Gollapinni, an assistant professor, focuses her research on experimental high-energy physics and is involved in neutrino experiments at Fermilab, America’s premier particle physics laboratory, in Chicago. Efremenko, a professor, focuses his research on neutrino experiments at Oak Ridge National Laboratory.

Before you tune in, here’s a bit more about their topic:

In the world of subatomic physics, neutrinos form the most bizarre tiny entities known to date. They may be tiny, but the world surrounding them is big. Scientists study these elusive particles to understand the biggest puzzles in the universe—from the structure of the atom to the formation of a star.

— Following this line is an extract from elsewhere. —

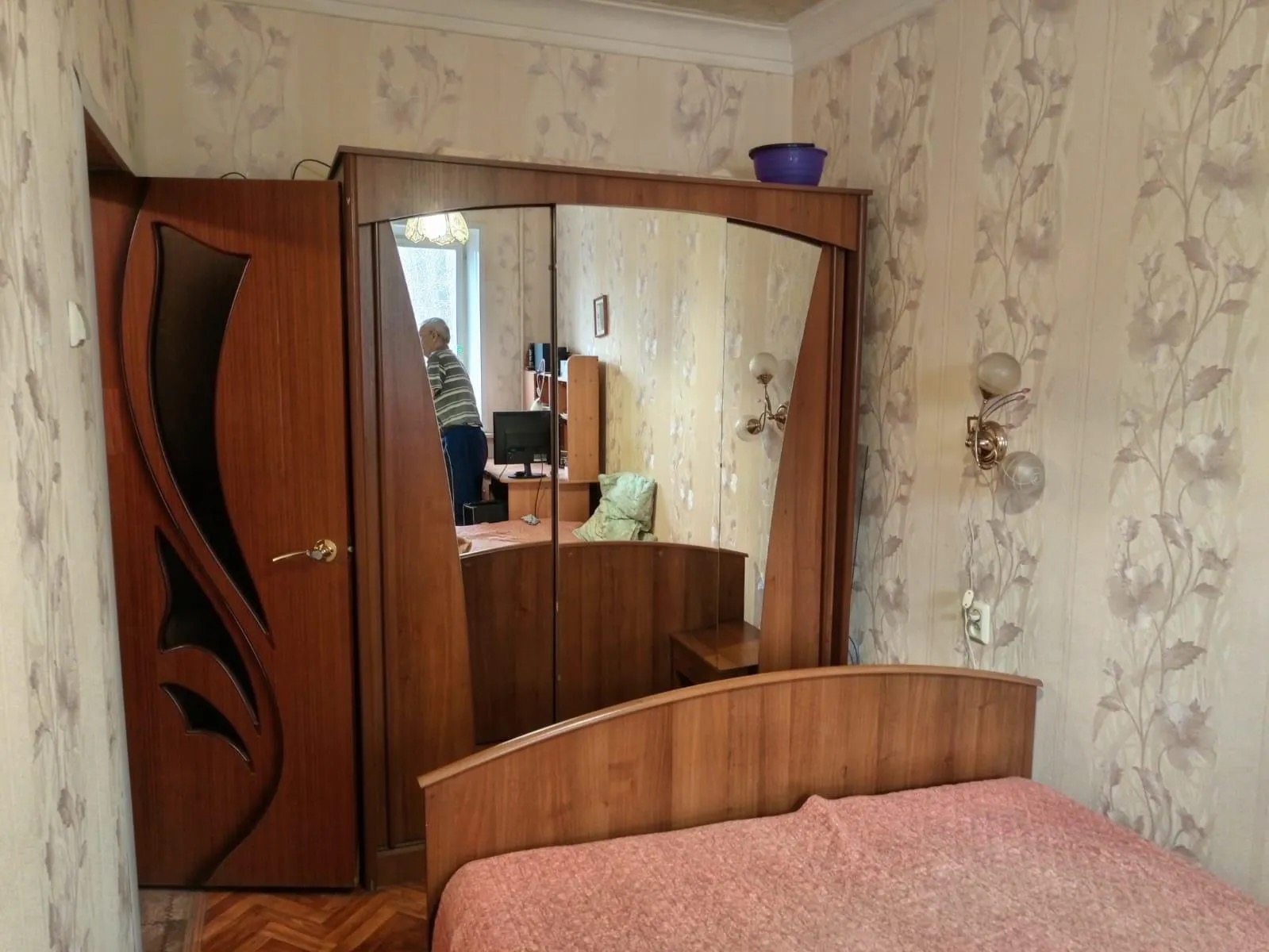 Продам 2 ком кВ 42 м2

Although more than a trillion of these little particles pass unnoticed through our bodies every second, neutrinos still remain largely mysterious. These shy particles are notoriously difficult to detect given how rarely they interact with normal matter. How rare you ask? In your entire lifetime, perhaps one neutrino will interact with an atom in your body. Also, the weird fact that these ghostly particles can morph into one another makes it even more difficult to detect them.

Despite these challenges, researchers have managed to capture a handful of neutrinos by building large and sensitive detectors in some of the most remote places on the planet, including deep in the Antarctic ice, miles under a mine in Canada, and under a mountain in Japan.